Task item> Answer with a number only, stating how many lines of the records hold the word "Photo".

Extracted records
****************
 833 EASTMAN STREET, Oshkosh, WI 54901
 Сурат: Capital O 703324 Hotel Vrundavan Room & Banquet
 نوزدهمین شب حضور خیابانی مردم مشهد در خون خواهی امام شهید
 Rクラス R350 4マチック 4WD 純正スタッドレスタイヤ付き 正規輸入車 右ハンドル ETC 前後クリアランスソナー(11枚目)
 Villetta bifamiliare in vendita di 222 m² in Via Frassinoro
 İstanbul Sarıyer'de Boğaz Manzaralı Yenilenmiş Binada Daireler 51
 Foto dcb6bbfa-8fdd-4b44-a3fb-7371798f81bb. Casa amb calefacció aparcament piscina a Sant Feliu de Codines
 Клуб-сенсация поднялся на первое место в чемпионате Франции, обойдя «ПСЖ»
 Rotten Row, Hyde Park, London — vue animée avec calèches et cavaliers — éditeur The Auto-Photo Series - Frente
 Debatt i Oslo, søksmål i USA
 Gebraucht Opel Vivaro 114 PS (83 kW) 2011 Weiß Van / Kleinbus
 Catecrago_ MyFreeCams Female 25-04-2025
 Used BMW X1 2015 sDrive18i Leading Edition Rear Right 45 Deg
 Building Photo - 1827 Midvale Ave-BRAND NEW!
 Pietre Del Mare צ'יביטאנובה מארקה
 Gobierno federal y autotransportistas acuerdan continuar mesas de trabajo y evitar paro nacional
****************
Response to the exercise> 2